İKİNCİ BÖLÜM İLKBAHAR: UYANIŞIN MEVSİMİ
Kışın ardından Bilecik, ilkbaharla birlikte adeta yeniden doğar. Mart ayıyla birlikte ormanlar yeşilin binbir tonuna bürünür, dereler coşkuyla akar. Söğüt, Osmaneli ve Pazaryeri çevresindeki tarım alanlarında toprak canlanır; meyve ağaçları çiçek açar. Kuş sesleri, yaylalarda yankılanmaya başlar. İlkbahar, Bilecik’te doğanın nefes aldığı mevsim olarak kabul edilir.
ÜÇÜNCÜ BÖLÜM YAZ: SERİNLİĞİN VE KAÇIŞIN ADRESİ
Yaz aylarında Bilecik, sıcak şehirlerden kaçmak isteyenler için doğal bir sığınak hâline gelir. Orman içi mesire alanları, yaylalar ve akarsular, serinlik arayanların uğrak noktasıdır. İnhisar ve Yenipazar çevresindeki vadiler, doğa yürüyüşleri için ideal alanlar sunar. Yazın Bilecik’te doğa, insanı yormaz; aksine dinlendirir.

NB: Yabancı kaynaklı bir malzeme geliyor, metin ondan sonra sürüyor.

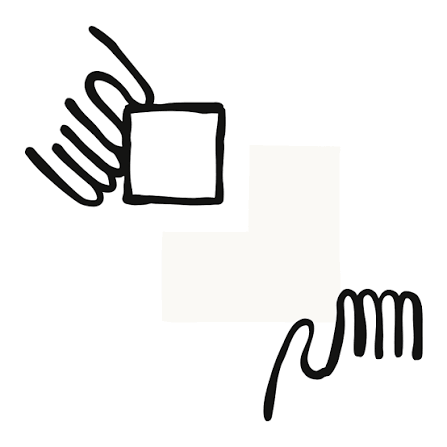 Illustrated hand holding a card with a squiggle, representing enterprise adoption of Claude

DÖRDÜNCÜ BÖLÜM SONBAHAR: RENKLERİN DANSI
Bilecik’te sonbahar, görsel bir şölendir. Eylül ayıyla birlikte ormanlar sarıdan kızıla uzanan geniş bir renk paletine bürünür. Özellikle Osmaneli ve Söğüt çevresindeki ormanlık alanlar, sonbaharın tüm tonlarını yansıtır. Dökülen yapraklar, patika yolları kaplar; doğa sessizliğe hazırlanır. Bu mevsim, fotoğraf tutkunları için eşsiz kareler sunar.
BEŞİNCİ BÖLÜM KIŞ: SESSİZLİĞİN VE HUZURUN MEVSİMİ
Kış aylarında Bilecik, bambaşka bir kimliğe bürünür. Karla örtülen ormanlar ve yaylalar, derin bir sessizliğe gömülür. Özellikle yüksek kesimlerde oluşan manzaralar, kartpostalları aratmaz. Kış, Bilecik doğasında sakinliği ve içe dönüşü simgeler.
ALTINCI BÖLÜM SUYUN İZİNDE: AKARSULAR VE VADİLER
Bilecik’in doğal zenginlikleri arasında akarsular ve vadiler önemli bir yer tutar. Sakarya Nehri’ne karışan kollar, bölgenin yaşam damarlarını oluşturur. Bu vadiler, hem tarımsal üretime hem de doğal yaşamın devamına katkı sağlar.
YEDİNCİ BÖLÜM YAYLALAR VE KIRSAL YAŞAM
Bilecik yaylaları, geleneksel yaşam biçiminin hâlâ sürdüğü alanlardır. Yaz aylarında hayvancılıkla geçimini sağlayan aileler, bu yaylalarda doğayla iç içe bir yaşam sürer. Yayla kültürü, Bilecik’in doğal mirasının önemli bir parçasıdır.
SEKİZİNCİ BÖLÜM BİYOLOJİK ÇEŞİTLİLİK: GÖRÜNMEYEN ZENGİNLİK
Bilecik’in ormanları, birçok yaban hayvanına ev sahipliği yapar. Kuş türleri, memeliler ve endemik bitkiler, bölgenin biyolojik çeşitliliğini oluşturur. Bu çeşitlilik, ekosistemin sağlıklı işlediğinin en önemli göstergesidir.
DOKUZUNCU BÖLÜM DOĞA TURİZMİ VE SÜRDÜRÜLEBİLİRLİK
Son yıllarda Bilecik’te doğa turizmine yönelik ilgi artmaktadır. Ancak bu ilgi, beraberinde koruma sorumluluğunu da getirir. Doğal alanların gelecek kuşaklara aktarılması için sürdürülebilir turizm anlayışı büyük önem taşımaktadır.
ONUNCU BÖLÜM DOĞAYLA YAŞAMAK: BİLECİK’İN GELECEĞİ
Bilecik, doğasıyla var olan bir şehir olarak geleceğini de bu miras üzerine kurmak zorundadır. Doğayla uyumlu yaşam, sadece bugünün değil yarının da temel ihtiyacıdır.
Bilecik’te dört mevsim doğa, yalnızca bir manzara değil; bir yaşam biçimidir. Her mevsim ayrı bir hikâye anlatır.